• **Your goal**
Your answer must match the records word for word and contain no pictures.
○ ○ ○ ○
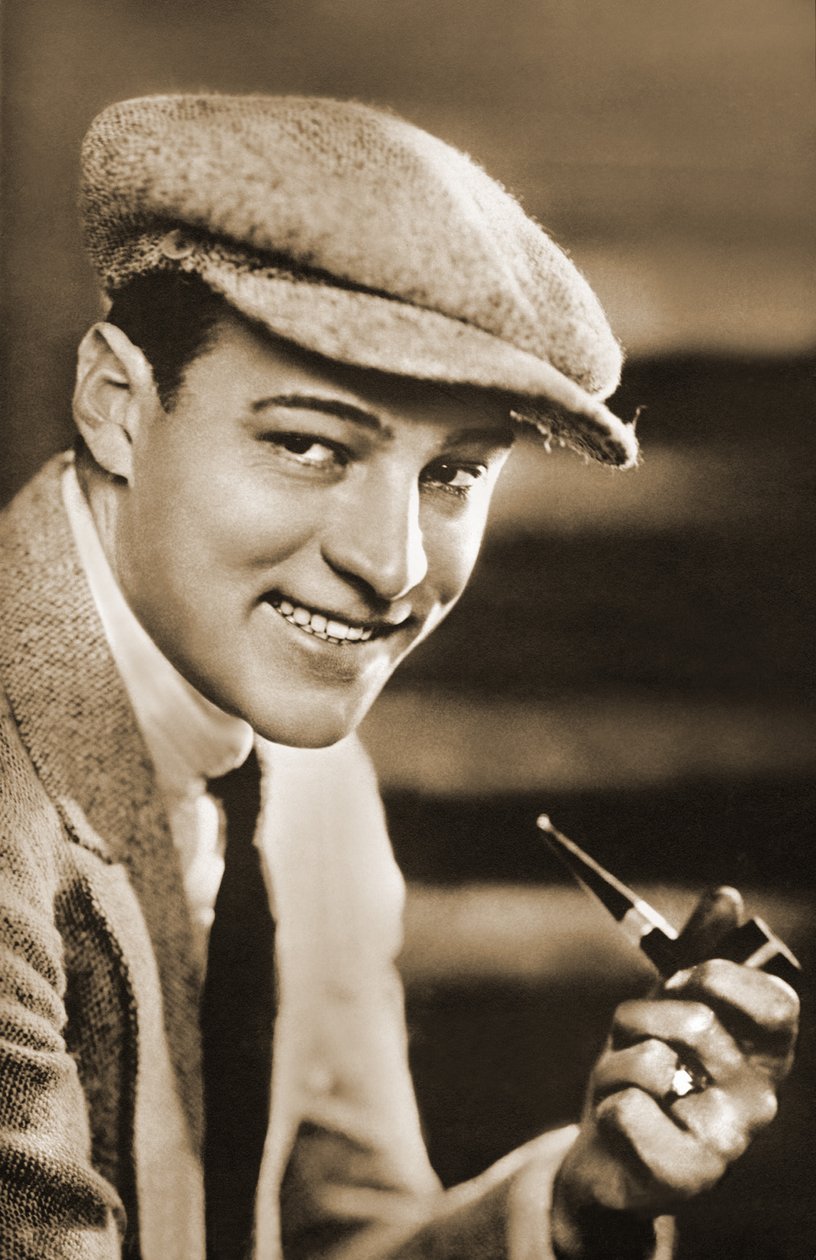 Rudolph Valentino (1895 - 1926) portréja (fekete-fehér fotó). alkotó: Unbekannter Künstler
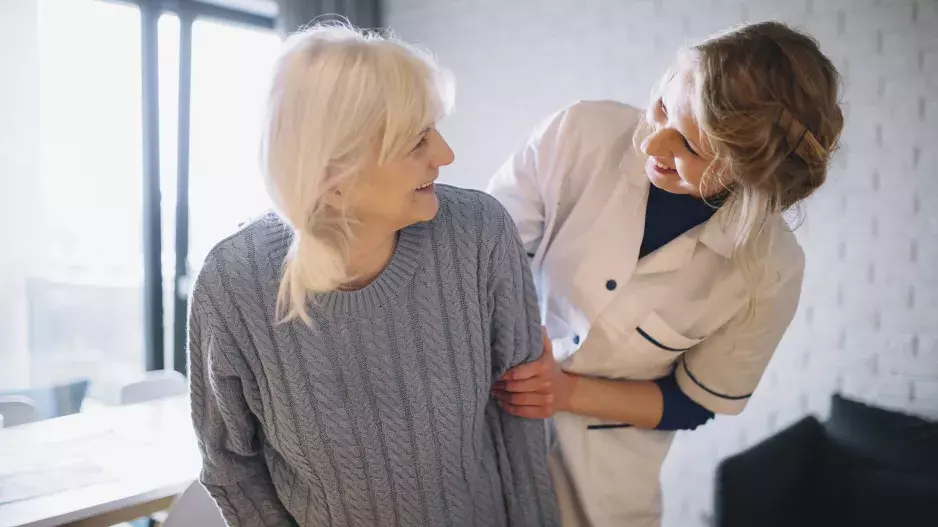 “Máma zapomíná a trpí demencí, ale nechce brát prášky,” neví si rady paní Nora. Její maminka tvrdí, že je zdravá a nic nepotřebuje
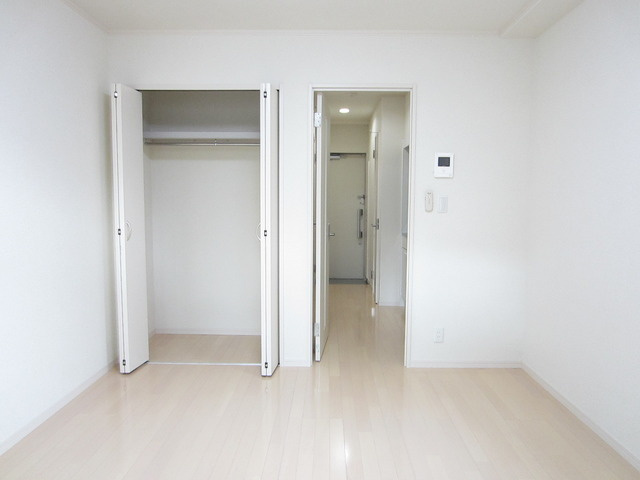 アンプルールフェール十条の居間・リビング|綺麗な形の使い易いお部屋ですよ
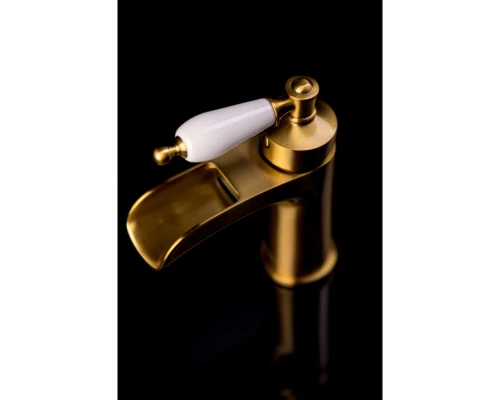 Смеситель для раковины Boheme Vogue 201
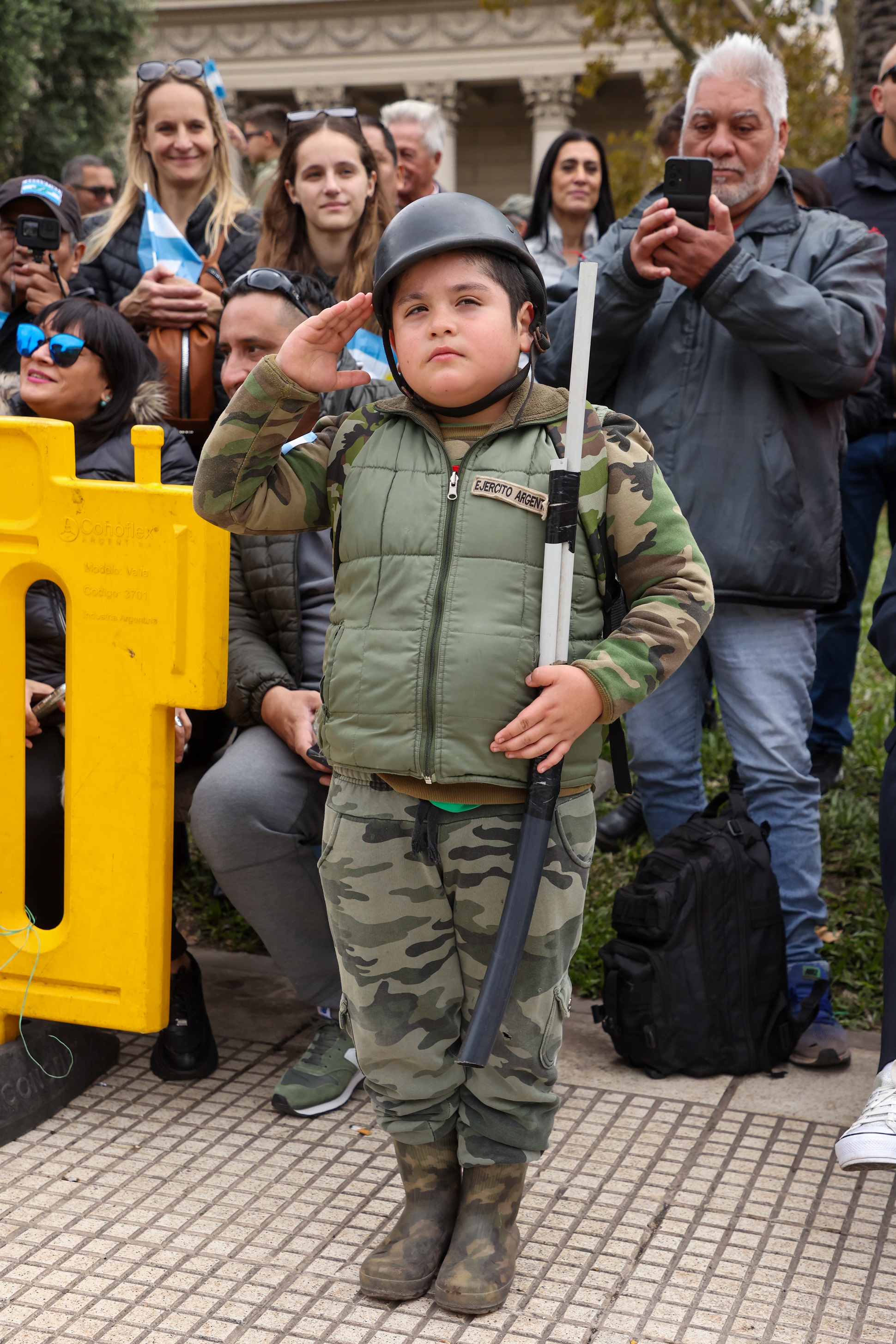 Histórico cambio de guardia con los Regimientos de Granaderos, Patricios y General Iriarte en Plaza de Mayo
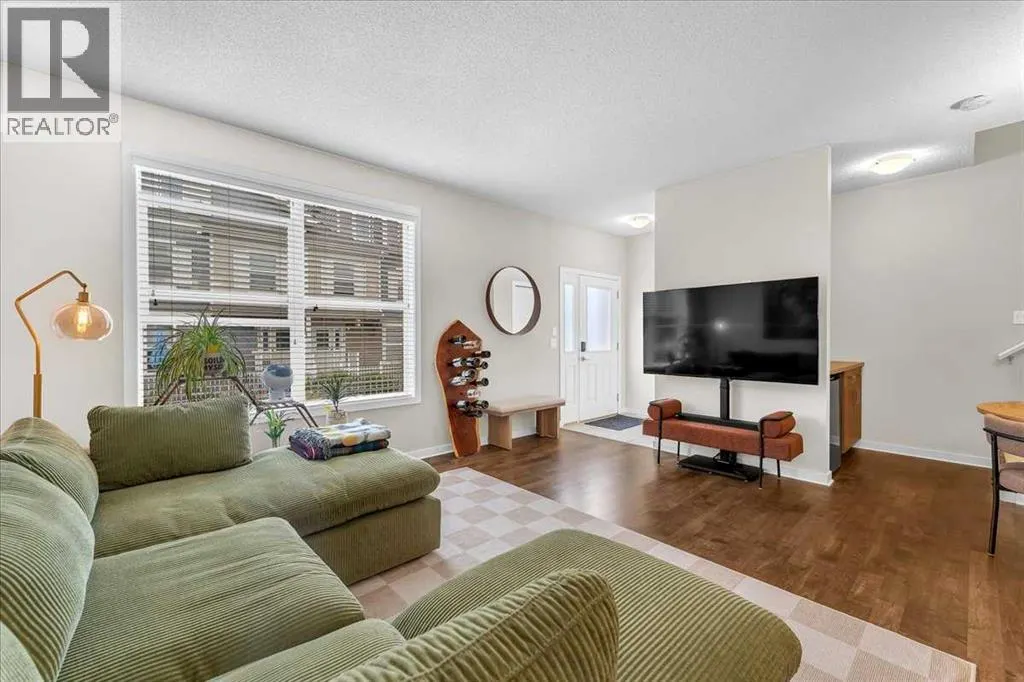 315, 10 Auburn Bay Avenue SE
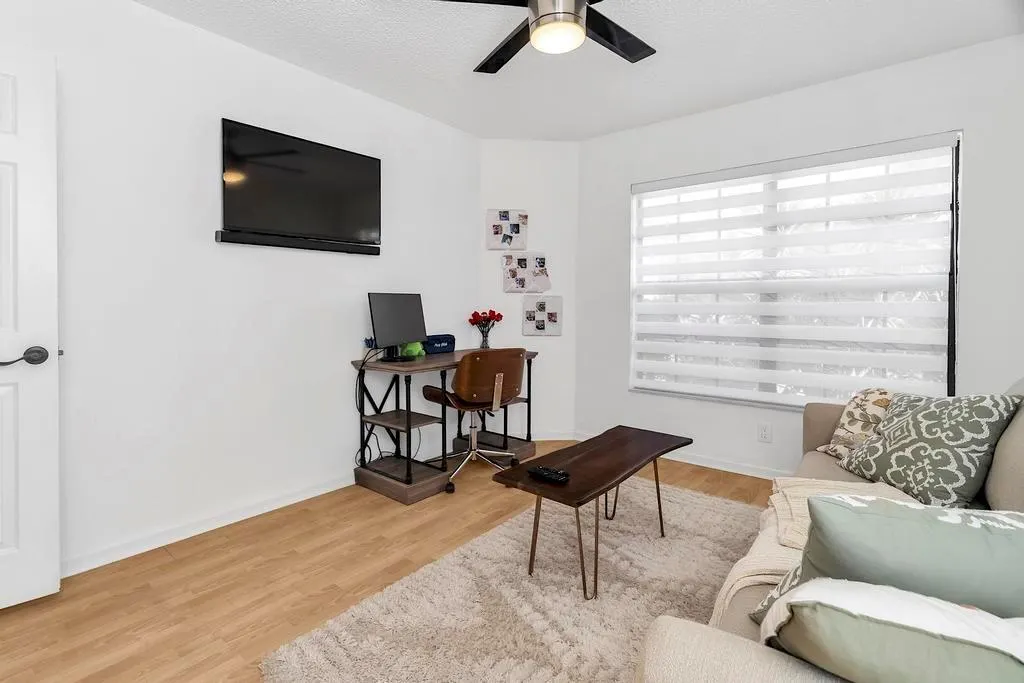 416 Buttonwood Place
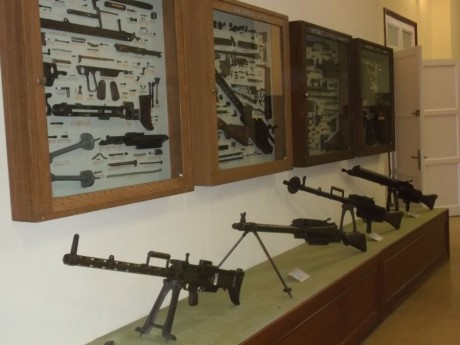Hoy inauguran el nuevo Museo del Ejército de Toledo y estará abierto al público a partir  de mañana.

El 40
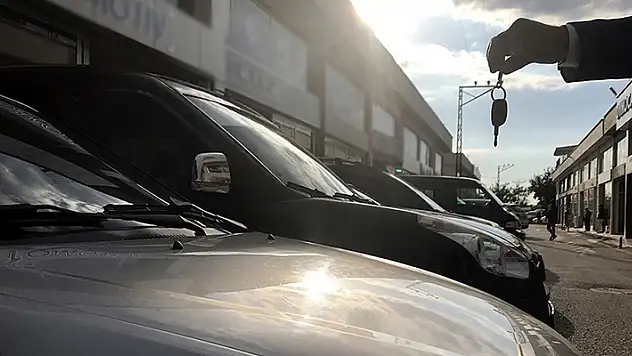 İkinci el otomobil satışında yeni düzenleme yürürlüğe girdi
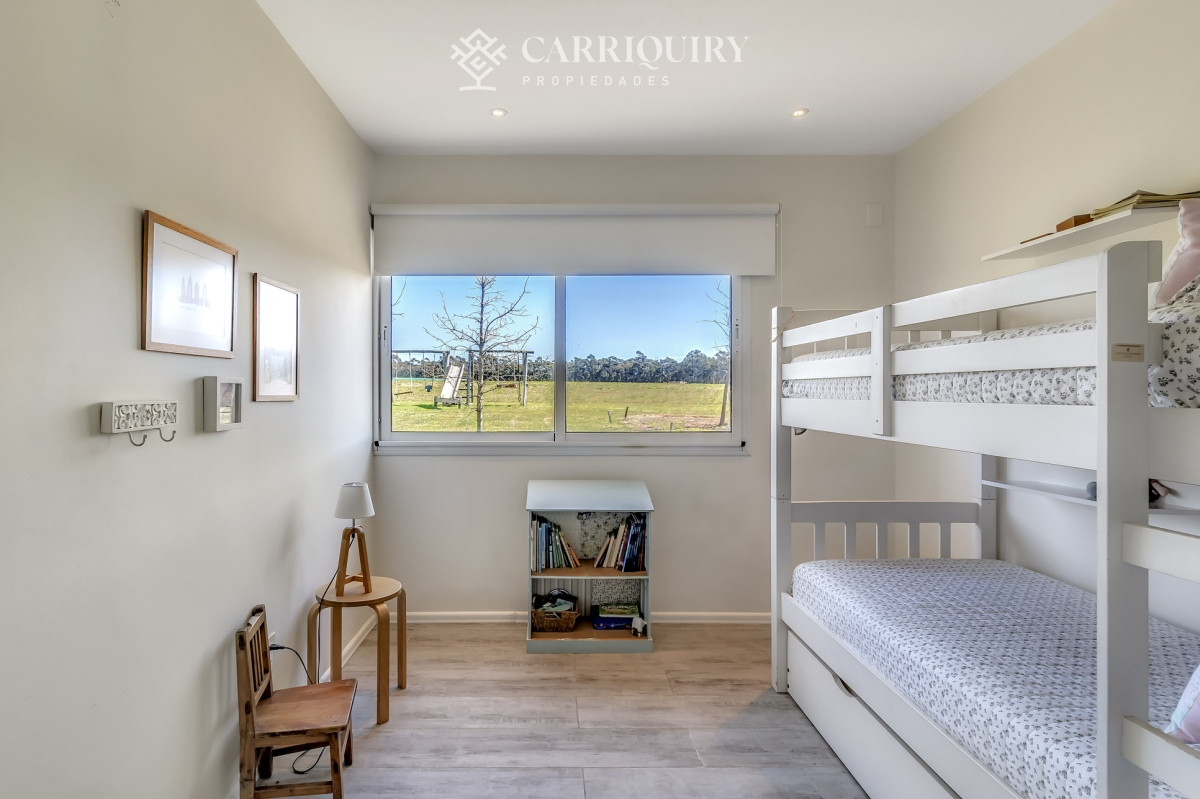 Casa ID.9591/Casa-en-venta-5-dormitorios - Casa en venta en Laguna de los Cisnes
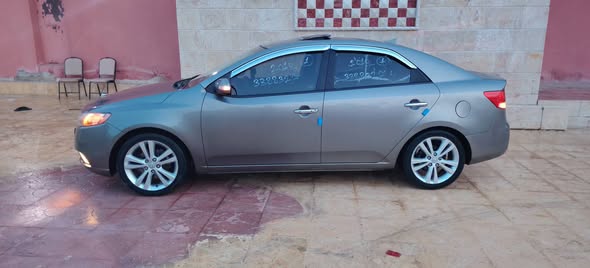 كيا فورتي 2010 - صورة 1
○ ○ ○ ○
• **Result of the exercise**
 Rudolph Valentino (1895 - 1926) portréja (fekete-fehér fotó). alkotó: Unbekannter Künstler
 “Máma zapomíná a trpí demencí, ale nechce brát prášky,” neví si rady paní Nora. Její maminka tvrdí, že je zdravá a nic nepotřebuje
 アンプルールフェール十条の居間・リビング|綺麗な形の使い易いお部屋ですよ
 Смеситель для раковины Boheme Vogue 201
 Histórico cambio de guardia con los Regimientos de Granaderos, Patricios y General Iriarte en Plaza de Mayo
 315, 10 Auburn Bay Avenue SE
 416 Buttonwood Place
Hoy inauguran el nuevo Museo del Ejército de Toledo y estará abierto al público a partir  de mañana.

El 40
 İkinci el otomobil satışında yeni düzenleme yürürlüğe girdi
 Casa ID.9591/Casa-en-venta-5-dormitorios - Casa en venta en Laguna de los Cisnes
 كيا فورتي 2010 - صورة 1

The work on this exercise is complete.